The National Federation of Independent Business says owners it surveyed last month expect their companies' sales and overall business conditions to pick up after the election and the end of the year.
That brighter outlook helped lift the NFIB's small business optimism index by 1.7 points in August to 92.9. The NFIB, which lobbies on behalf of small business owners, compiled the index from its survey of 736 of its members.
Many business owners have refrained from hiring or expanding their companies not only because of the economy, but also because of the uncertainty over the presidential election.
The survey still shows that business owners have a generally dim view of the current economy, said William Dunkelberg, the NFIB's chief economist. "There is too much uncertainty to make major financial commitments," he said. Dunkelberg called the August index "another solid recession reading."

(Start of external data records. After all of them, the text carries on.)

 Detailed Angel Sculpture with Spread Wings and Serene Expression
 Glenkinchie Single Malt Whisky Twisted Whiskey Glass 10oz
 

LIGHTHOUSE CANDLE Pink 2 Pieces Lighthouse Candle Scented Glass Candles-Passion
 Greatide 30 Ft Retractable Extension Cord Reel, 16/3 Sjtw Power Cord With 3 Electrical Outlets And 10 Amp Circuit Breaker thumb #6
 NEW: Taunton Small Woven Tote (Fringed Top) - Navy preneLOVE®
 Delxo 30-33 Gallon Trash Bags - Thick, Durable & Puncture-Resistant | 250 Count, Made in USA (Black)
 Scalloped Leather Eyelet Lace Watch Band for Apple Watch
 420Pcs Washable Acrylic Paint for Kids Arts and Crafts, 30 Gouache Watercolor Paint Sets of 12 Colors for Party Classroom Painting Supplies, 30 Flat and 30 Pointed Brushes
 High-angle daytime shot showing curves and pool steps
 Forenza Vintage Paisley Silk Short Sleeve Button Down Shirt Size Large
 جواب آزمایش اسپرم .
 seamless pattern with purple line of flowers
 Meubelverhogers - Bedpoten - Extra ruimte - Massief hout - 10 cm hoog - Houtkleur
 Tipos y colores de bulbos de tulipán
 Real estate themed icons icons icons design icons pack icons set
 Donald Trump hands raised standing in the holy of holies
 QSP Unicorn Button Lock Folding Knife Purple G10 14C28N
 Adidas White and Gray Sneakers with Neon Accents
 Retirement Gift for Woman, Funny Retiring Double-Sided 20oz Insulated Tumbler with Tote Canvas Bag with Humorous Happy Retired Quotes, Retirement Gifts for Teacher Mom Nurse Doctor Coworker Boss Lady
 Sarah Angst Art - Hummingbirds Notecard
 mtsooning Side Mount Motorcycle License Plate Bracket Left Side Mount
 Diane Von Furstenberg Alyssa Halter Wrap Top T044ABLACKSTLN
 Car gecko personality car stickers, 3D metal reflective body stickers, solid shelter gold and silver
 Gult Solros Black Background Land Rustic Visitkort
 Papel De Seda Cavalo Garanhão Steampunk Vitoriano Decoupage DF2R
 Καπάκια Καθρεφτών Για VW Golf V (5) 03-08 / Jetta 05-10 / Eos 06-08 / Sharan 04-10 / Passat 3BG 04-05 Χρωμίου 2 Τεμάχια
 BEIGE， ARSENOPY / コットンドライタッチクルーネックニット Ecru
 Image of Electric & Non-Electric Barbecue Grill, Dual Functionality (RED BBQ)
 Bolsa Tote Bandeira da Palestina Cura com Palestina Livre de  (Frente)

Still, "it could be they're starting to see things at street level that we don't see in the (economic) numbers" that come out each month, Dunkelberg said. He noted that car and truck sales have been strong, there have been some signs of recovery in the housing market and the energy industry in the Midwest is doing well.
"These are thing that are happening that are making some owners more optimistic," he said.
David Audretsch, an economics professor at Indiana University's Institute for Development Strategies, said that while the economy is recovering more slowly than after past recessions, small business owners aren't paying attention to economic numbers such as the government's monthly jobs report. Instead, they're focused on what's going on in their own environment.
"I think they're feeling that things are getting better," he said. "Small business tends to be a leading indicator of the business cycle."
The number of owners who said they expect to create new jobs rose 5 percentage points from July to 10 percent. While the reading is low, the increase was significant.
The number of owners expecting their sales to improve also rose 5 percentage points to 1 percent, erasing a negative reading in July but still weak. The number of owners who expect business conditions to improve in six months rose 6 percentage points, although that reading remained negative at 2 percent.
Nearly a quarter of the owners, 24 percent, said they plan to make capital expenditures in the next three to six months, up 3 percentage points. Capital expenditures include purchases such as vehicles, equipment and real estate and also include improving or expanding buildings and facilities.